Otra película interesante, cargada de símbolos en torno a la vida y la obra del autor de La canción de la tierra, es Mahler, así nada más, del cineasta inglés Ken Russell, de 1974, donde aborda las mayores obsesiones del compositor, su condición judía y su nunca del todo consumada conversión, su búsqueda del origen y su marcado panteísmo, sus mayores crisis metafísicas y emocionales, sus ambivalentes apego y dependencia con respecto a Alma. Filme extraño, como buena parte de la obra de Russell, Mahler se mueve en derredor de la interrelación de elementos dispares, a manera de una corriente de consciencia en la que el hombre y el mito, la música y su significado, el tiempo, el lugar, el sueño y la realidad, flotan y se entremezclan en el cauce principal que da vida y sentido a la misma película como un todo ya autónomo.

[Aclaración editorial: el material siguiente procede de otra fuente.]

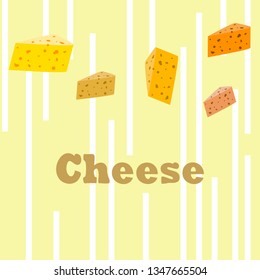 Cheese vector, appetizing cheese background, dairy product.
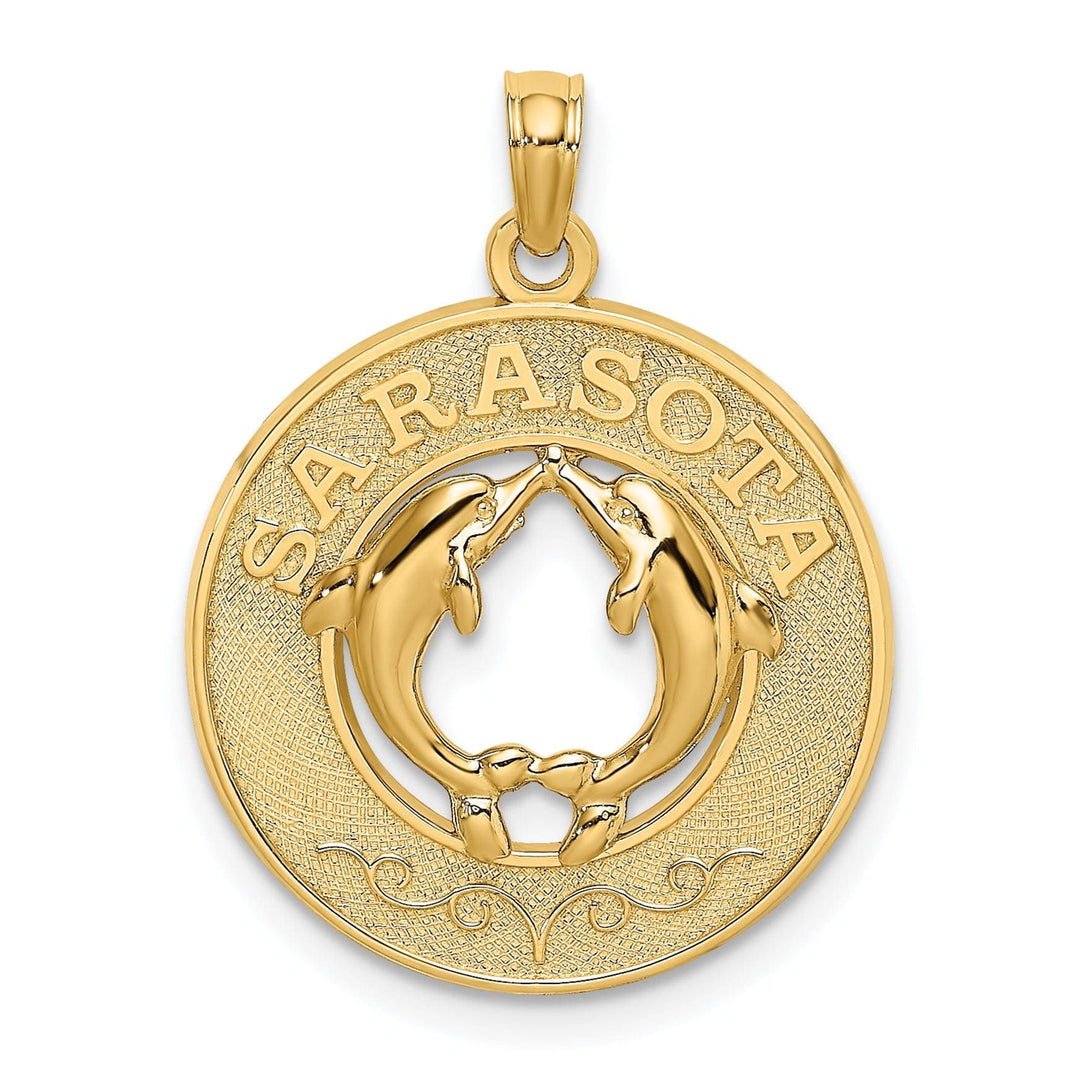 14K Yellow Gold Polished Textured Finish SARASOTA Florida with Double Dolphins in Circle Design Charm Pendant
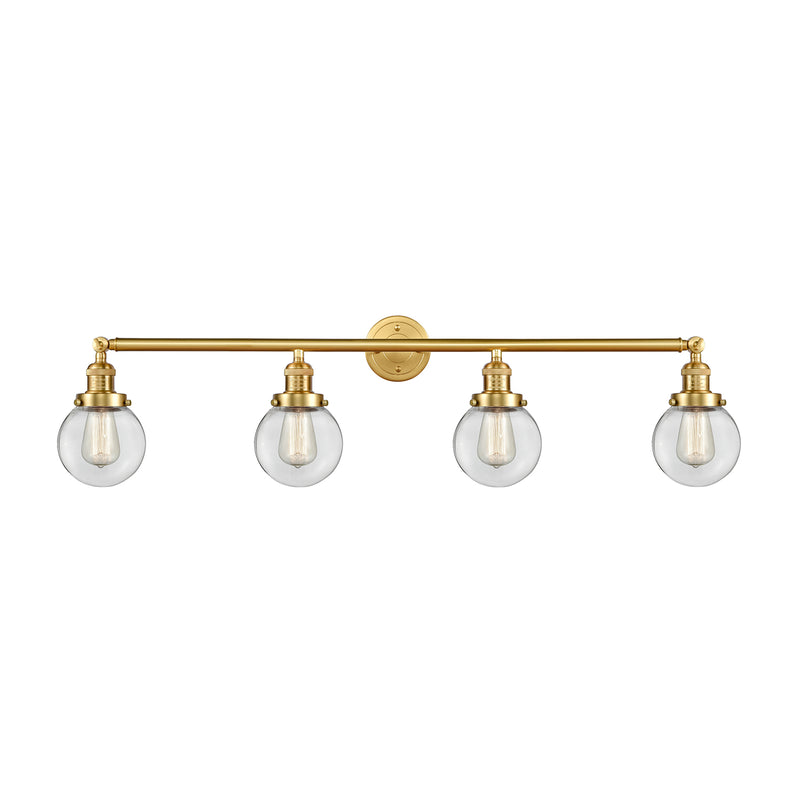 Beacon Bath Vanity Light shown in the Satin Gold finish with a Clear shade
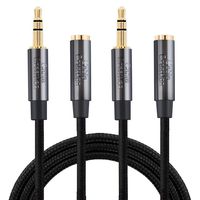 3.5mm Headphone Extension Cable, CableCreation 3.5mm Male to Female Audio Extension Cable, 3.5mm Extension Cable 1.5FT 2Pack with Silver-Plating Copper, 0.45M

No hace mucho escribí en este mismo espacio sobre La novia del viento, cinta a mi parecer irregular del galés Bruce Beresford donde el personaje principal es Alma y la personalidad y la música de Mahler juegan un papel meramente incidental. Y su inconsistencia, ya decía, no estriba en que la presencia de un músico de esta envergadura sea casi accidental (se centra en la mujer polémica que por algo ayudó a darle sentido a su vida y su arte, ella misma compositora que siempre se sintió subyugada por la obra portentosa de su marido), sino en que su reproducción y su comprensión de una época en especial entreverada se queda en muchos aspectos en lo anecdótico, en la superficie.
Por lo demás, en este centenario luctuoso de Gustav Mahler que se cumplió el pasado 18 de mayo, su siempre complejo y revelador universo musical será incluido en las programaciones de las más de las agrupaciones orquestales, cuando no será motivo para sumar a su ya abrumadora bibliografía o, por qué no, para concebir alguna otra contribución fílmica en su nombre.